The film is part tongue-in-cheek lens into the life of the fashion giant in lockdown, and part sobering account of truly being alone in one’s own world. Nearly everything in the film works with a duality of tone – part mockumentary tropes, part sophisticated thought piece. Take, for example, the shot-by-shot accounts of Jacobs’ mundane days; as we watch the designer applying makeup, lounging in bed watching trashy television, we never see him interact with another soul, except once via FaceTime. He and the other characters (all played by himself) step lightly around each other, never really interacting and constantly avoiding the other – reminiscent of a heady Charlie Kaufman interpretation of “missed him by that much.” It’s funny because it’s a comic representation of life in lockdown, but sobering because it’s so relatable.

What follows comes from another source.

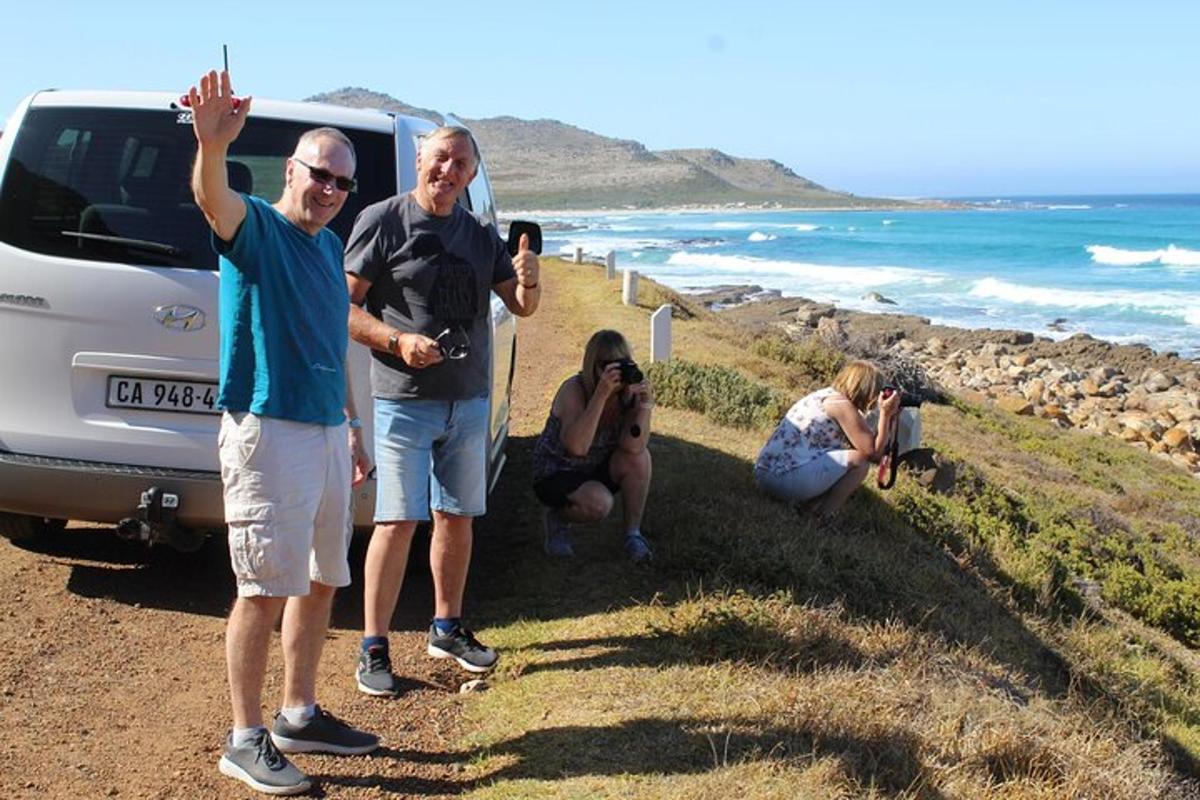 a group of people standing next to a car on a beach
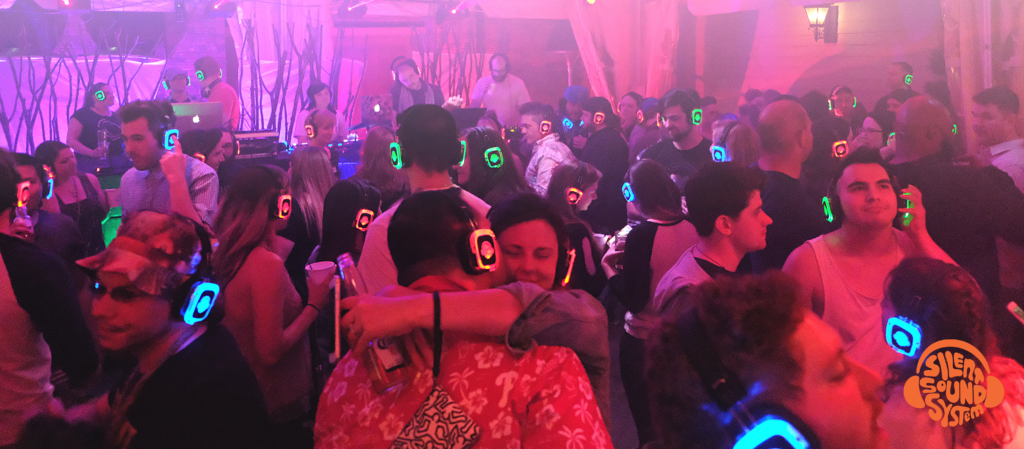 People dancing with Silent Sound System headphones on at a nonprofit partnerships event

The film is pretty metaphorical – while my lockdown may not have featured a luxury New York apartment and a toss-up between Fashion Week or exerting my creative expressions, it definitely felt, at times, like I was trapped alone at home playing every role in the story. By assuming every character in the film, Jacobs unassumingly becomes everyman – an overarching representation of what we’re all going through. It’s not often that we may directly relate to the peripheral figures we both admire and rely on, but on occasions like this, the veil is lifted, and in them we can see ourselves.